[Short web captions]
################
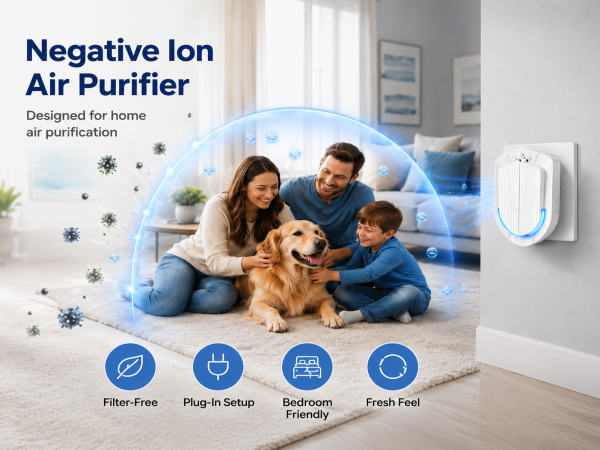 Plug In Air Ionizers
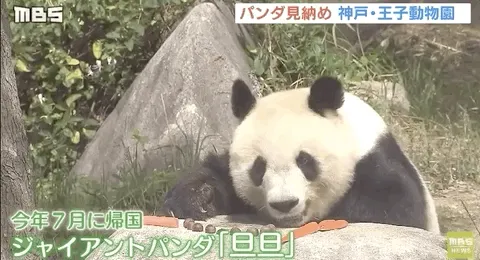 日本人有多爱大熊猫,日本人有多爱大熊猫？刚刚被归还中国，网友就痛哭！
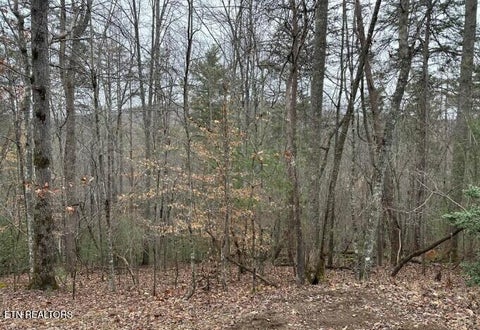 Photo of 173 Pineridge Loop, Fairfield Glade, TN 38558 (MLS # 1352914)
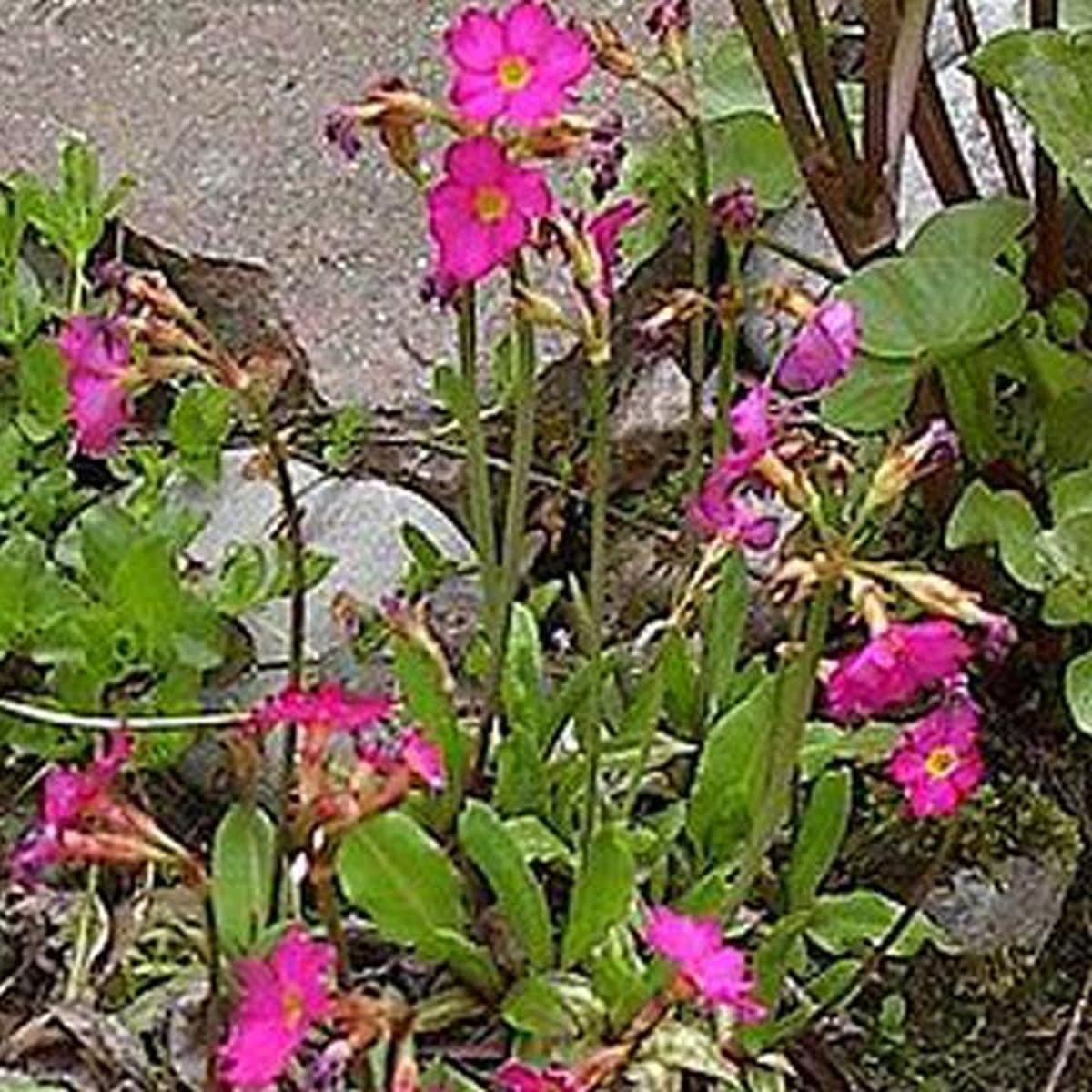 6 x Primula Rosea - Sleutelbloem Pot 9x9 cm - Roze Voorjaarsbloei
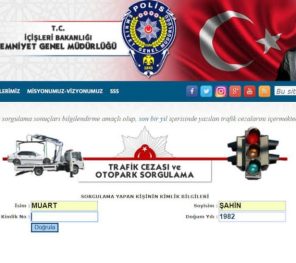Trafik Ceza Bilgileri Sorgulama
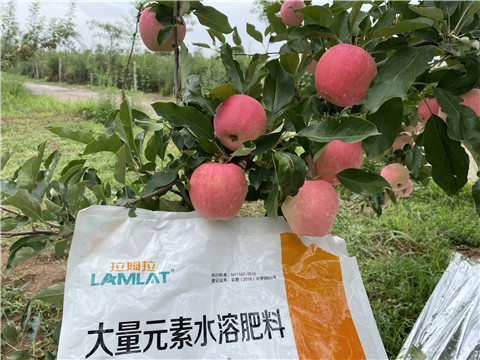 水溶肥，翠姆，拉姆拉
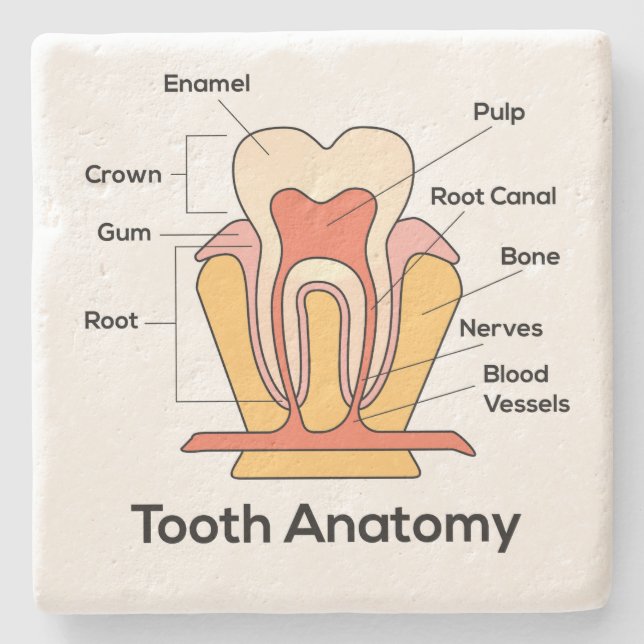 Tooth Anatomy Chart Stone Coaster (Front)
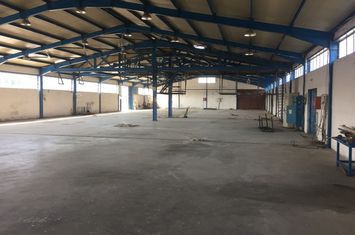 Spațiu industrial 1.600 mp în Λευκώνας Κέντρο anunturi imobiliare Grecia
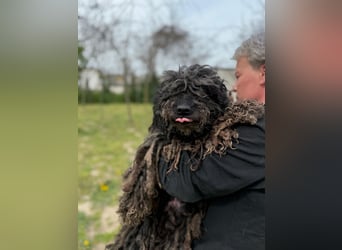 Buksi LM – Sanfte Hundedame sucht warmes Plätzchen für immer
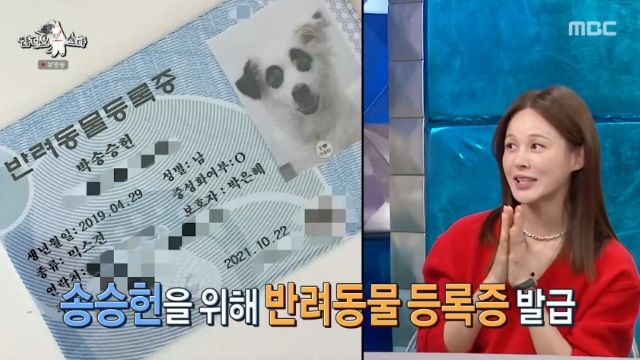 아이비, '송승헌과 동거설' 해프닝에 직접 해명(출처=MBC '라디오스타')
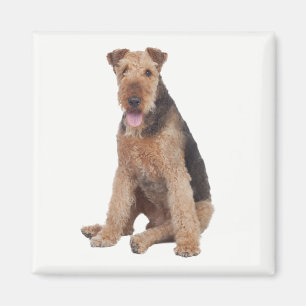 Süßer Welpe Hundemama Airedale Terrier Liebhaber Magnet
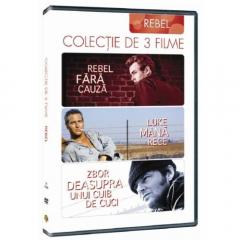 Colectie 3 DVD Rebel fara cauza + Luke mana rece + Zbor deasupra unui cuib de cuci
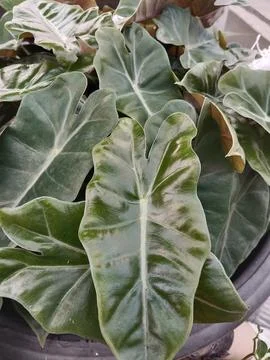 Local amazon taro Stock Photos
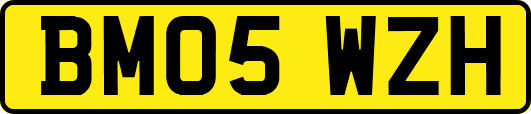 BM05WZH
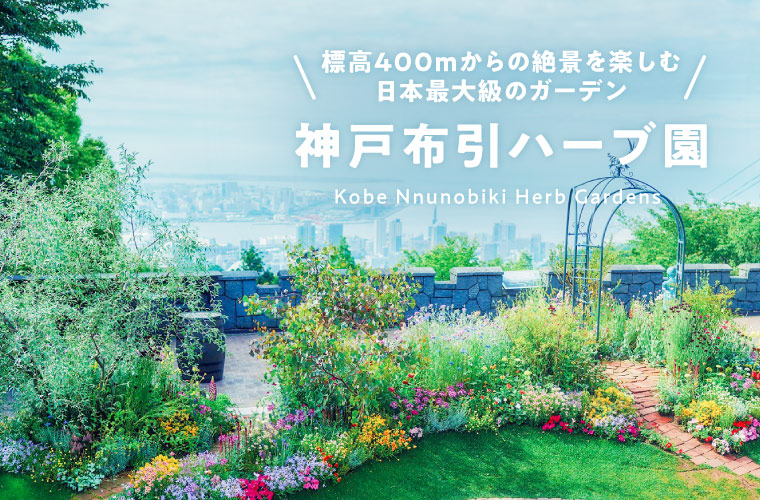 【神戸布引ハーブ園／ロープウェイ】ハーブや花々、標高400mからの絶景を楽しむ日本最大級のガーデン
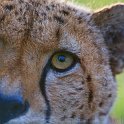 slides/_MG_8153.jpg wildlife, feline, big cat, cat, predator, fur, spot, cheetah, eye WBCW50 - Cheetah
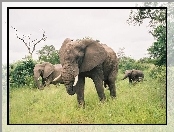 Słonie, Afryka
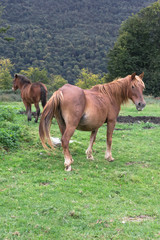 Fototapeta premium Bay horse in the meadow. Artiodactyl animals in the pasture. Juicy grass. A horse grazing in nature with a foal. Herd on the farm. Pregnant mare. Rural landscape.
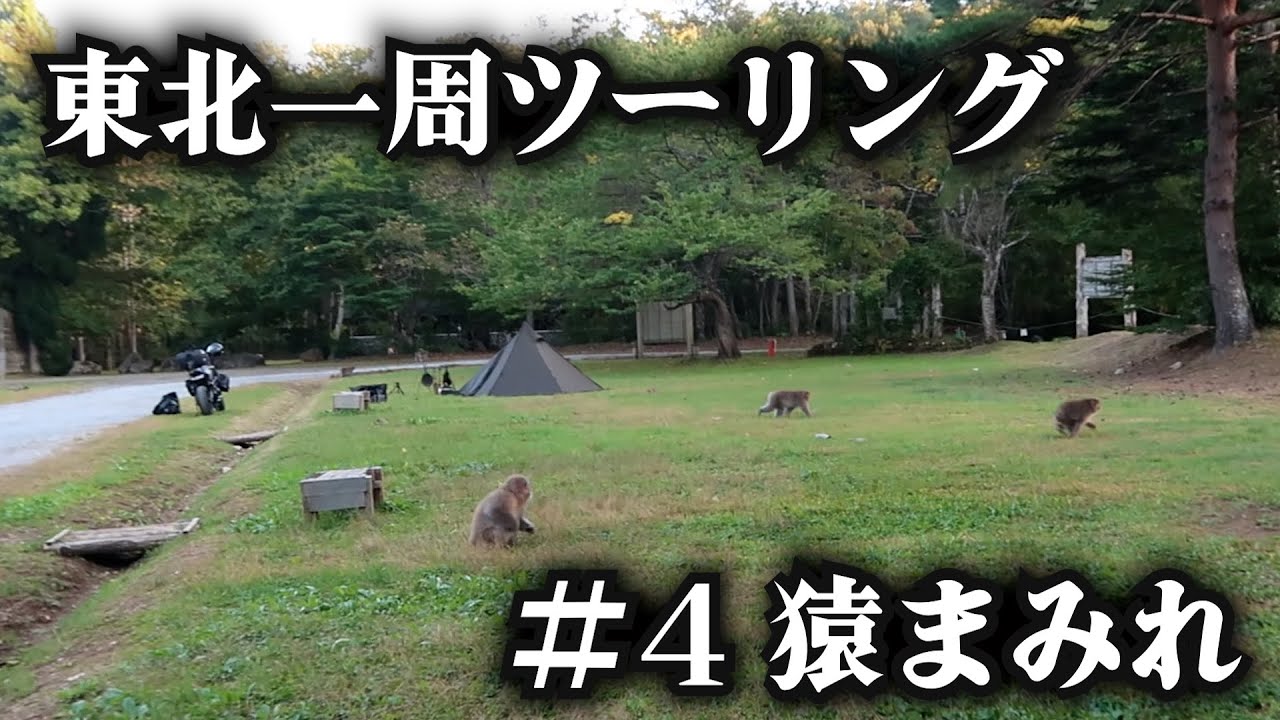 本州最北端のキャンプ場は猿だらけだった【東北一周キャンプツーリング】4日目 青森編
################
## WHAT YOU SHOULD DO
Word for word, write out the lines from the top of the records above down to the line holding "Süßer Welpe Hundemama", inclusive, but not the pictures.

## EXPECTED ANSWER
 Plug In Air Ionizers
 日本人有多爱大熊猫,日本人有多爱大熊猫？刚刚被归还中国，网友就痛哭！
 Photo of 173 Pineridge Loop, Fairfield Glade, TN 38558 (MLS # 1352914)
 6 x Primula Rosea - Sleutelbloem Pot 9x9 cm - Roze Voorjaarsbloei
Trafik Ceza Bilgileri Sorgulama
 水溶肥，翠姆，拉姆拉
 Tooth Anatomy Chart Stone Coaster (Front)
 Spațiu industrial 1.600 mp în Λευκώνας Κέντρο anunturi imobiliare Grecia
 Buksi LM – Sanfte Hundedame sucht warmes Plätzchen für immer
 아이비, '송승헌과 동거설' 해프닝에 직접 해명(출처=MBC '라디오스타')
 Süßer Welpe Hundemama Airedale Terrier Liebhaber Magnet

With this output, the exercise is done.